##### Input for this task

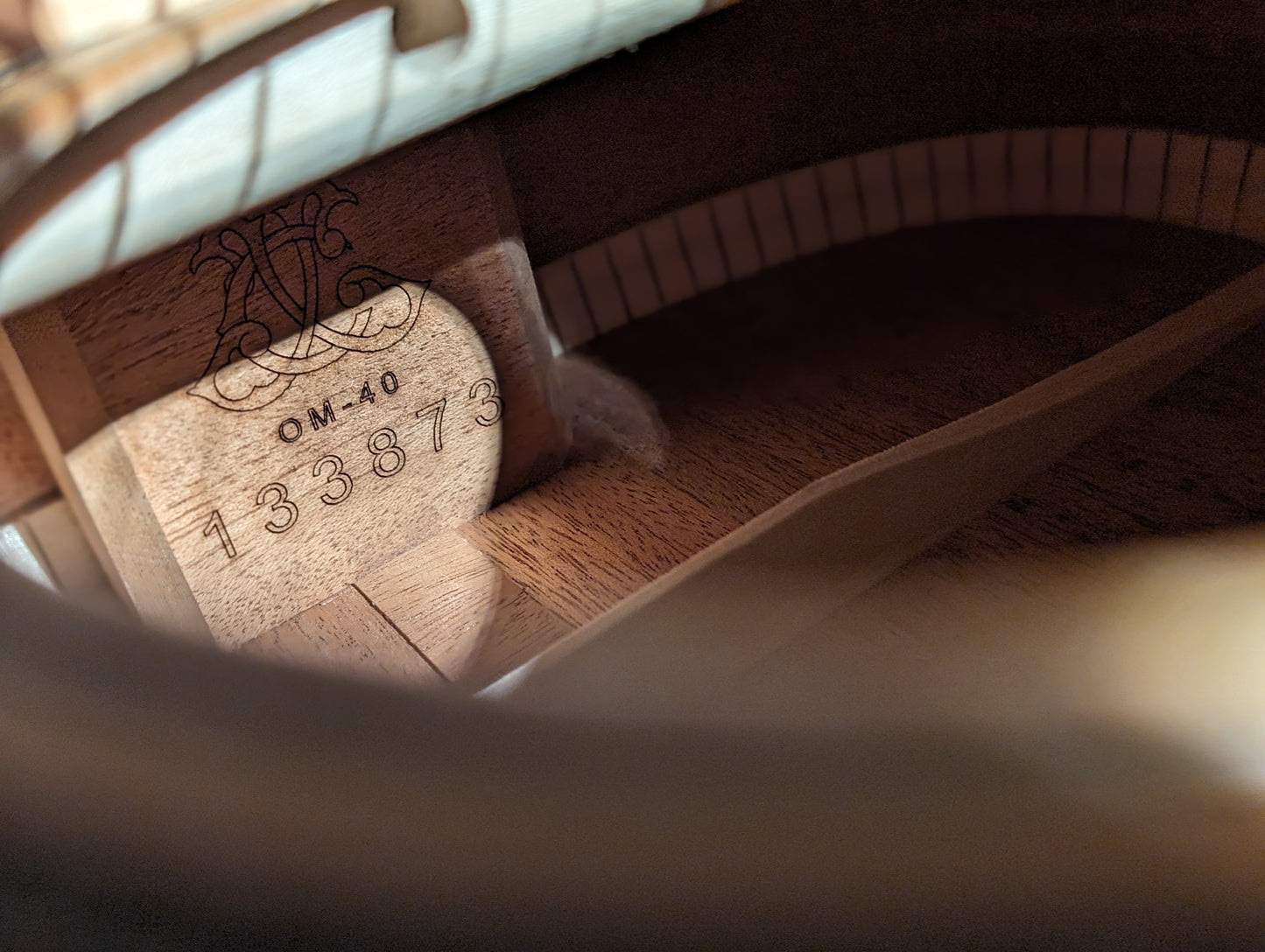 Larrivée OM-40MH Acoustic Guitar w/Case (2020)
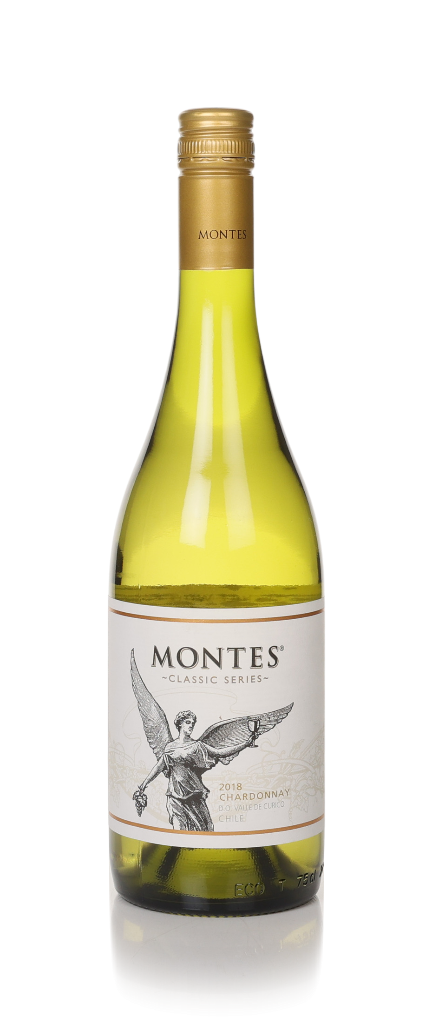 Montes Classic Series Chardonnay 2018 75cl product image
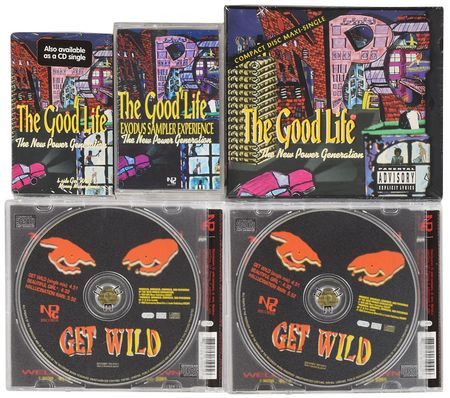 Lot #4208  Prince Collection of New Power Generation Cassettes and CDs - Image 2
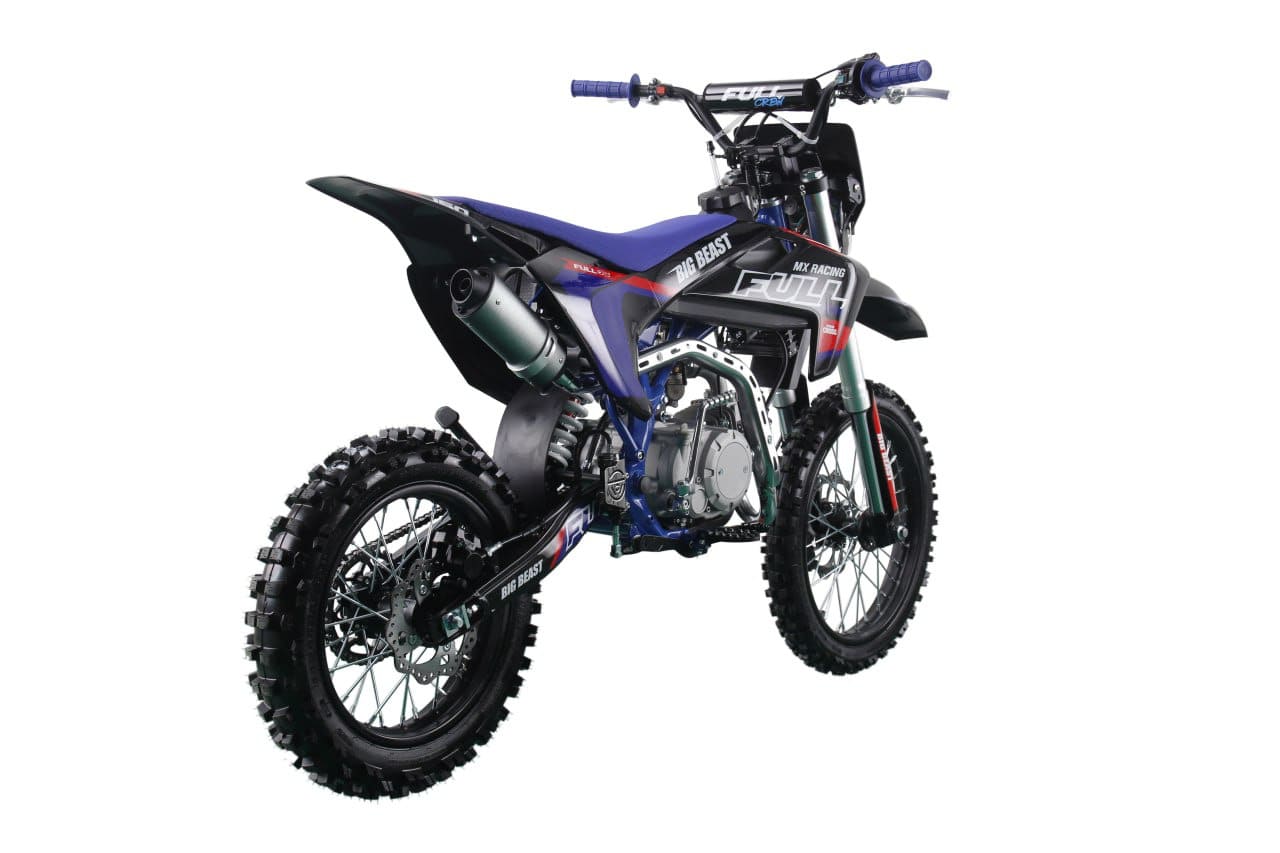 Питбайк FULL CREW Big Beast 150cc 17/14 Фото 6 Питбайк FULL CREW Big Beast 150cc 17/14 Обзор-Фото 6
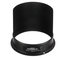 City Theatrical 2851 Stackers 7-1/2" Frame Size Tapered 6" Half Top Hat Image 1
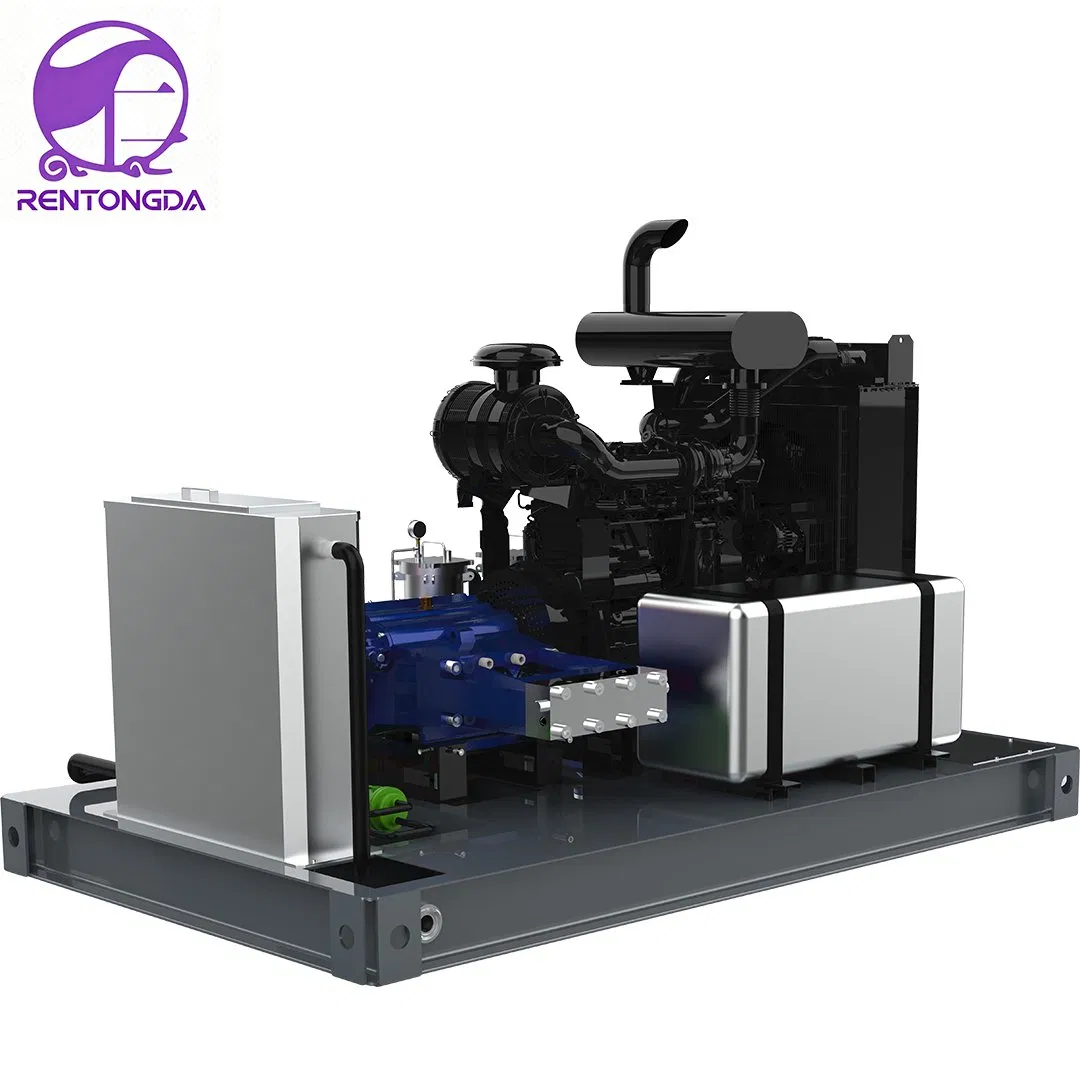 High Capacity Pst Standard Industrial Pipeline Centrifugal Pump for Wastewater Pump Treatment Pumprtd-3D3q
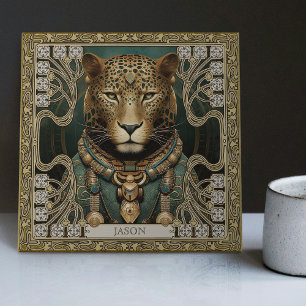 Carreau Pièce d'autel personnalisée de l'esprit tribal Jag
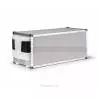 Conteneur frigo 20 pieds 1/14 pour camions rc Tamiya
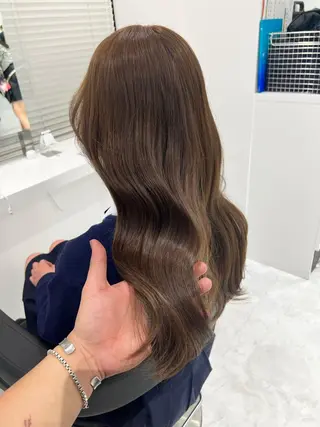 ロング ✨池袋で1番キレイな ボブ✂️ケンボーのヘアスタイル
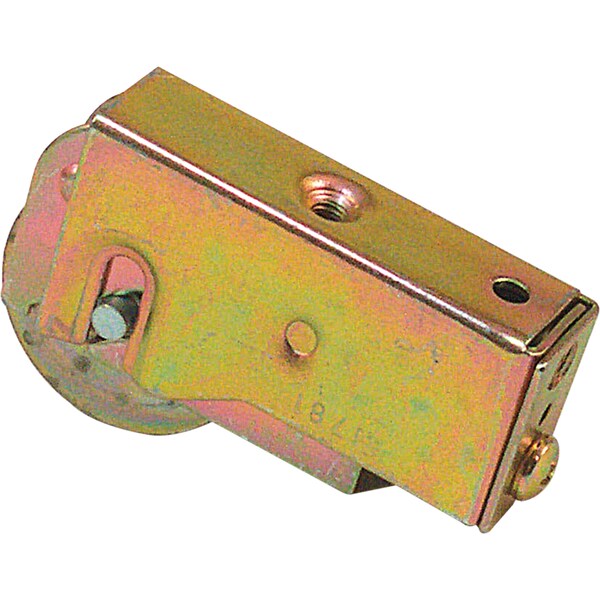 Prime-Line 1-1/2 in. Steel Ball Bearing Sliding Door Roller Assembly Single Pack - D 1831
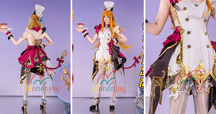 にじさんじ セラフ・ダズルガーデン コスプレ衣装 Angelic Dream にじさんじ「Angelic Dream」セラフ・ダズルガーデン コスプレ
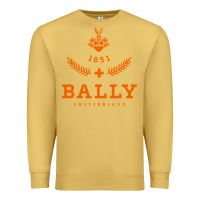 Antique Gold bally Premium Sweatshirt - linhVisuals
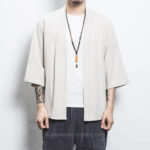Kimono Style Cardigan Men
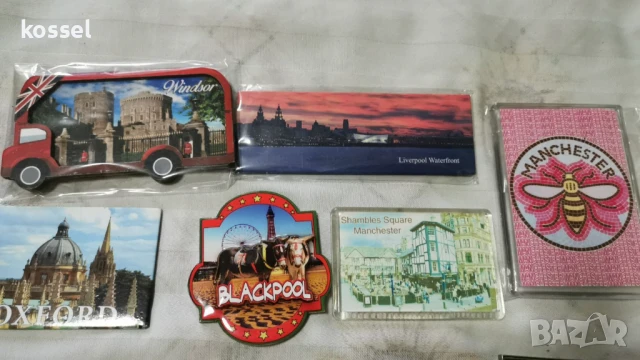 Сувенири и магнити от Англия по 3 лв , снимка 4 - Колекции - 50585312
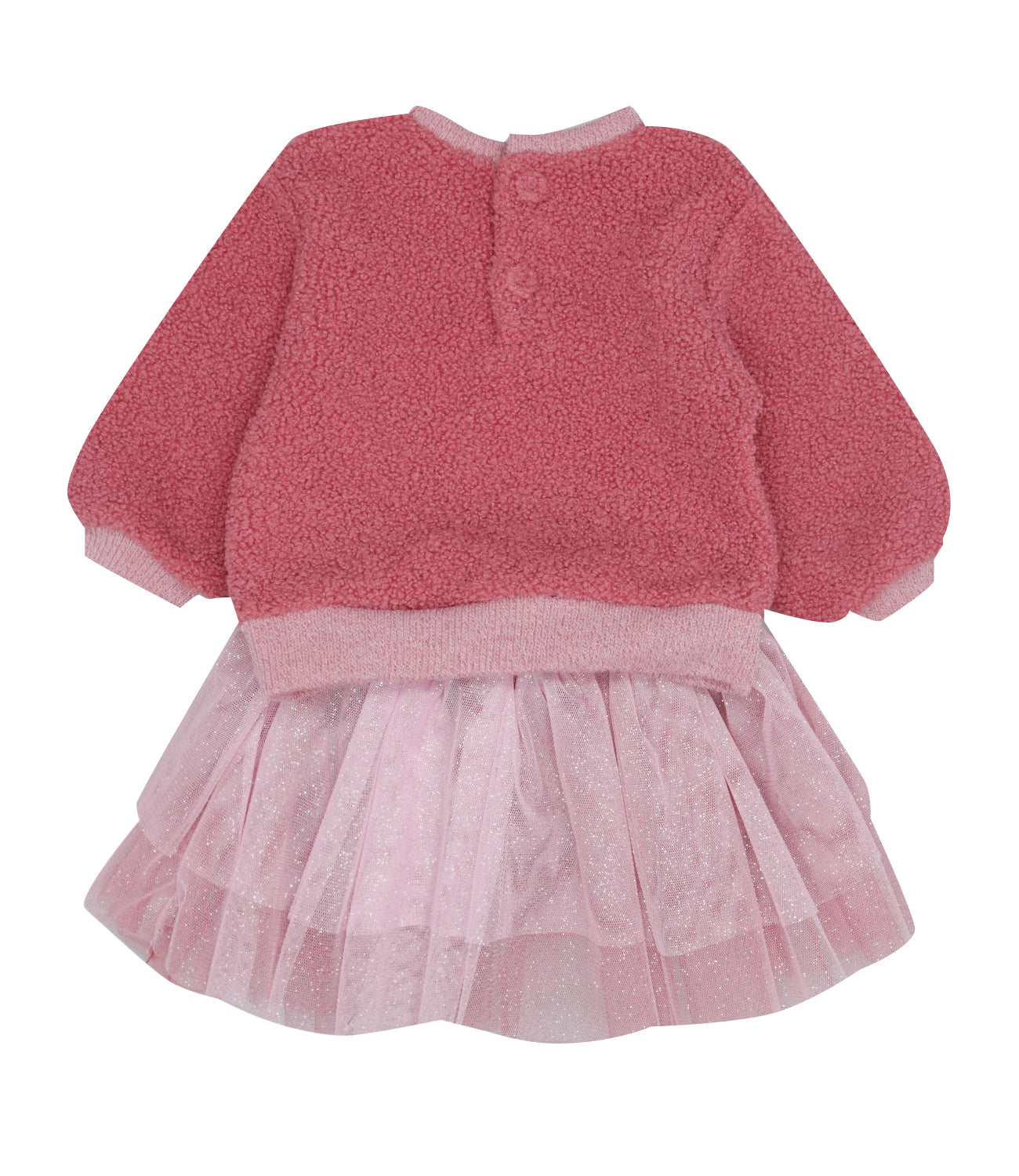 Lalalù | Antique Pink Sweater and Skirt Set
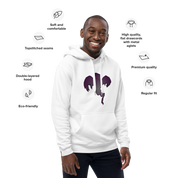 TFRU - Ghost Design - Premium eco hoodie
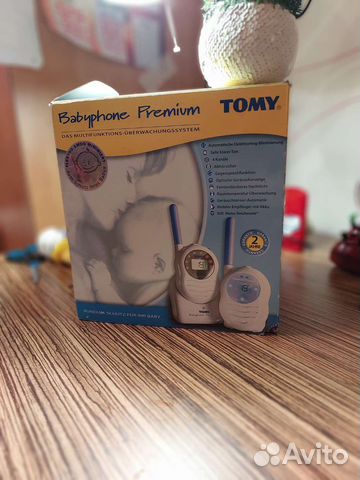 Радио няня tomy premium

##########

• The task
Up in the listing, locate the line with "ロング ✨池袋で1番キレイな ボブ✂️ケンボーのヘアスタイル"; print it and every line after it down to the line with "Antique Gold bally", which is included too. Skip the pictures.

• Written response
 ロング ✨池袋で1番キレイな ボブ✂️ケンボーのヘアスタイル
 Prime-Line 1-1/2 in. Steel Ball Bearing Sliding Door Roller Assembly Single Pack - D 1831
 にじさんじ セラフ・ダズルガーデン コスプレ衣装 Angelic Dream にじさんじ「Angelic Dream」セラフ・ダズルガーデン コスプレ
 Antique Gold bally Premium Sweatshirt - linhVisuals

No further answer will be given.